Sulla morte di Giuseppe Uva sono stati aperti due procedimenti nei confronti del personale medico delle strutture presso le quali l'uomo venne trasferito, chiusi in primo grado con l'assoluzione degli imputati. Sull'intera vicenda rischia di cadere la prescrizione, in data 16 giugno 2014.
Il giudice di I grado ha rilevato la lacunosità dell'ipotesi accusatoria formulata dal pubblico ministero verso il personale medico, notando che essa poggiava "su basi talmente fragili da rendere francamente impossibile un qualsivoglia fondato giudizio sul merito dell'accusa (...)", lasciando invece "oscure le ragioni per le quali un soggetto di soli 43 anni (...) potesse essere giunto a morte a poche ore di distanza dal 'trattenimento' operato nei suoi confronti dalle forze dell'ordine".
Di fronte al mancato approfondimento, in fase di indagine, di quanto accaduto nel periodo trascorso tra l'intervento dei Carabinieri e l'ingresso di Giuseppe Uva al pronto soccorso, Amnesty International Italia esprime preoccupazione che le indagini portate avanti finora non siano conformi agli obblighi di efficacia, indipendenza, tempestività e completezza che gli standard internazionali impongono agli stati, a fronte del decesso di una persona che si è trovata nelle mani delle forze di polizia.
Al contempo, l'organizzazione per i diritti umani rileva la costante stigmatizzazione nei confronti dei familiari di Giuseppe Uva, la cui sorella Lucia è stata querelata per diffamazione e risulta per questo indagata dalla stessa procura che ha la titolarità delle indagini sula morte di suo fratello.
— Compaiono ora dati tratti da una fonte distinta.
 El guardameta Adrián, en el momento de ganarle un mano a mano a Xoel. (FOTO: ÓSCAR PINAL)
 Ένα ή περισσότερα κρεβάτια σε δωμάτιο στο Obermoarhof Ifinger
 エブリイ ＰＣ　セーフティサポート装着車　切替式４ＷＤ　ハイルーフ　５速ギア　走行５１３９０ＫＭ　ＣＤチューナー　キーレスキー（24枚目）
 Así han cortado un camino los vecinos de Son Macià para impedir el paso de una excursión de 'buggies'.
Le vicende processuali del caso di Giuseppe Uva costituiscono per Amnesty International Italia un ulteriore segnale che è urgente, necessario e non più differibile che il paese si doti di strumenti adeguati a prevenire morti in custodia, maltrattamenti e tortura da parte delle forze di polizia e ad investigarli in maniera efficace: tra questi, il reato di tortura e un meccanismo di prevenzione indipendente come richiesto dai trattati internazionali a cui l'Italia ha aderito e, in particolare, dal Protocollo opzionale alla Convenzione Onu contro la tortura e altre pene o trattamenti crudeli, inumani e degradanti, ratificato dall'Italia nel 2013, come richiesto per anni da Amnesty International nei suoi appelli alle istituzioni italiane.
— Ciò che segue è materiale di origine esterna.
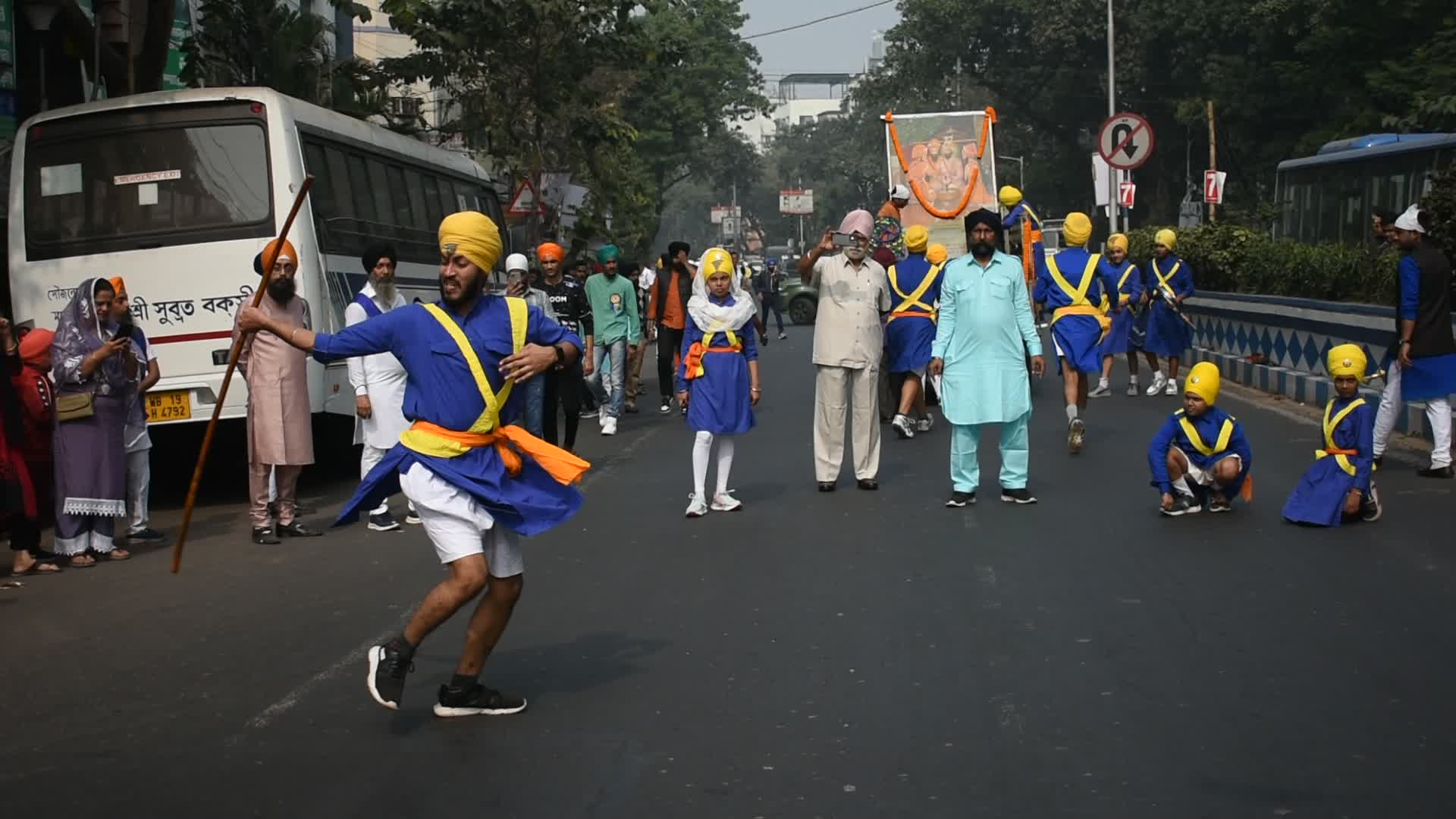 Sikh community of Kolkata celebrates birthday of Guru Gobind Singh.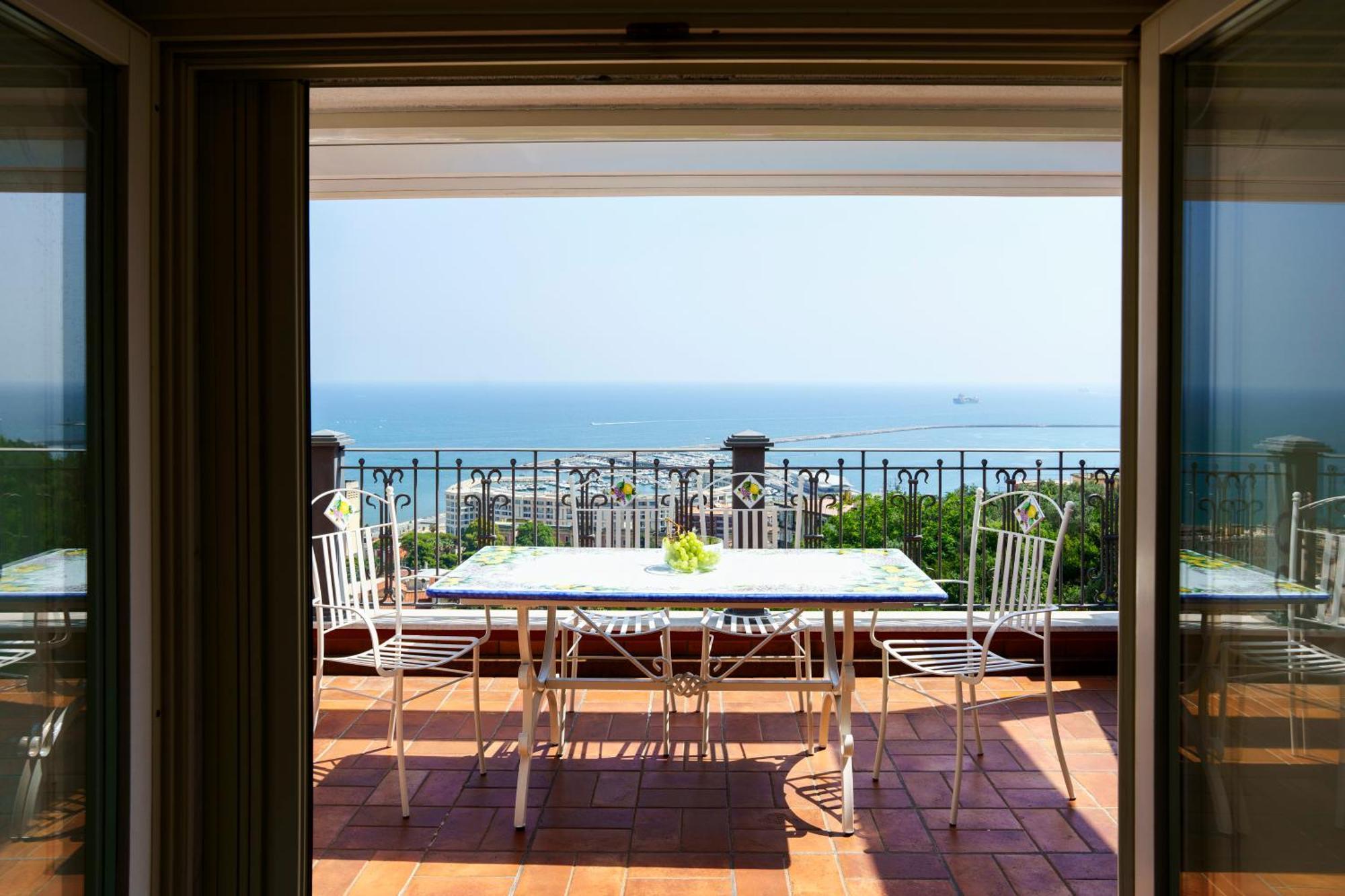 Suite Aphrodite - Exclusive Flat Салерно Экстерьер фото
Le richieste dei provvedimenti legislativi e delle misure necessarie a prevenire l'impunità delle forze di polizia fanno parte dell'Agenda in 10 punti che Amnesty International ha sottoposto in vista delle ultime elezioni politiche a tutti i candidati e ai leader delle forze politiche in lizza, lanciando la campagna "Ricordati che devi rispondere".
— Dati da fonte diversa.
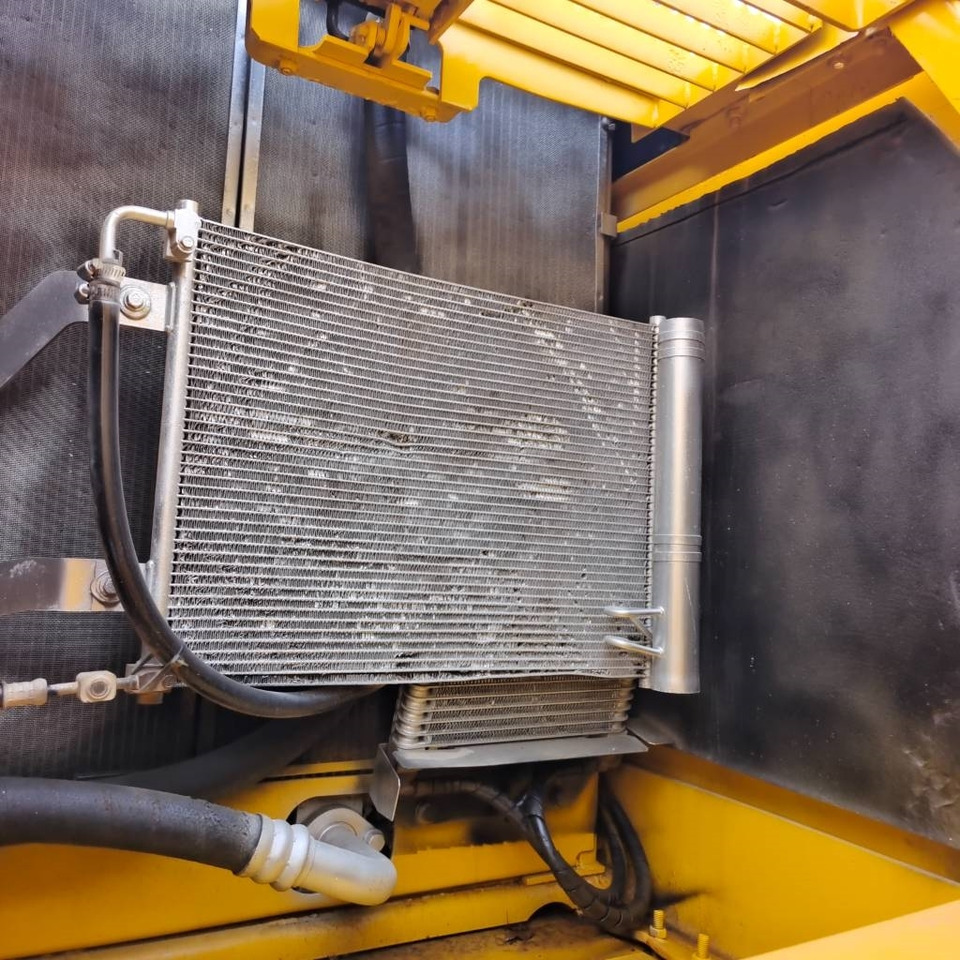 Crawler excavator Komatsu PC 200-8: picture 6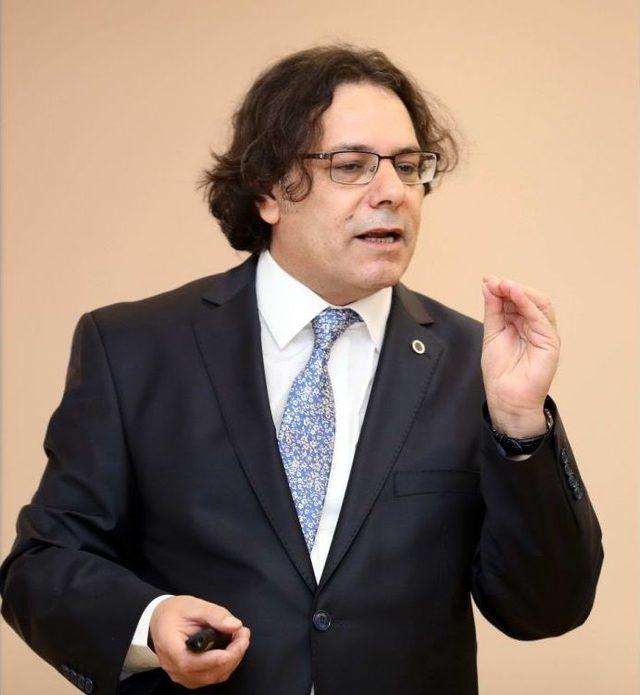 Pişkin&rsquo;den Gen&ccedil;lere Teknoloji &Ccedil;ağrısı 1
L'Agenda è stata sottoscritta da 440 candidati, di cui 117 sono stati poi eletti al parlamento.
Amnesty International Italia chiede il rispetto degli impegni presi da parte dei singoli parlamentari, nonché di tutti i leader che compongono il governo cosiddetto di larghe intese (Pd, Pdl, Scelta Civica, Partito radicale) in merito ai 10 punti della sua Agenda. L'organizzazione per i diritti umani sottolinea, in particolare, che tutti i leader delle forze politiche e dei partiti rappresentati nel governo si sono impegnati per l'introduzione di misure che garantiscano la trasparenza dell'operato delle forze di polizia e per l'introduzione del reato di tortura (punto 1 dell'Agenda) e si aspetta dunque che questo impegno sia mantenuto.